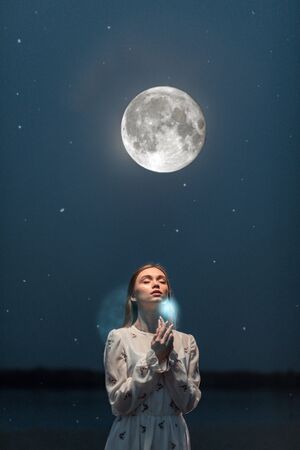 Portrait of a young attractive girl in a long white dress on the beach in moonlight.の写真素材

════════════════

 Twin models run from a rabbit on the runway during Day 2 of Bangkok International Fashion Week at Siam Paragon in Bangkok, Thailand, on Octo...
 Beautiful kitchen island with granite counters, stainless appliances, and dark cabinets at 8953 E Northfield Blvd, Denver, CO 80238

════════════════

# Your assignment
Your answer should be the lines above, from the line containing "Twin models run" up to and including the line containing "Beautiful kitchen island", reproduced exactly and with nothing else.

# Finished task
 Twin models run from a rabbit on the runway during Day 2 of Bangkok International Fashion Week at Siam Paragon in Bangkok, Thailand, on Octo...
 Beautiful kitchen island with granite counters, stainless appliances, and dark cabinets at 8953 E Northfield Blvd, Denver, CO 80238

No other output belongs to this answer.